[iDC] Participation in Art

Trebor Scholz trebor at thing.net
Thu Apr 13 10:36:00 EDT 2006


>This idea/concept is nothing new, I would remind you...  Countless 
>mail-art projects were based on this principle, not to mention Fluxus 
>events among others (I'll leave other examples ot the historians...)

The idea is of participation in art is without question not new at all.
There have been several essays delinating a trajectory that traces
participatory elements in art since the 1960s. Dieter Daniels and Inke
Arns worked on these topics, for example.
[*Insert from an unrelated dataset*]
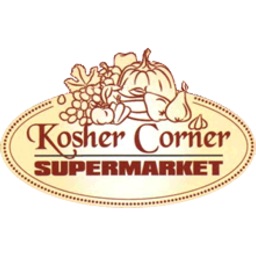 Kosher Corner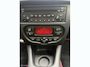 Peugeot 206+ 1.4 XS*NEW APK 10/27*AIRCO*ELEK. RAMEN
<http://www.mediaartnet.org/themes/overview_of_media_art/communication/>
<http://www.mediaartnet.org/source-text/73/>
<http://www.mediaartnet.org/source-text/65/>

There is, however, a new quality to this type of cultural practice that
I¹d argue qualifies as leap, as a turn of sorts. This surely needs some
working through typologies of participation and different kinds of
contexts along with specific project examples. Several phenomena come
together. For one, there is, in North America, a steep increase in the
numbers of people who contribute content online. From blog entries to
book reviews, mp3 uploads, to mailing lists and wikis. At the same time,
there is a harsh decline in civic participation in the U.S. as
substantiated by Robert Putnam. This sets the stage for novel kinds of
cultural production online. More people have the media authorship skills
to contribute and sociable web media became easier to use. This
convergence of factors is not devoid of (art/media) historical
consciousness. There is a novelty to an emerging kind of cultural
production that lives of this convergence.  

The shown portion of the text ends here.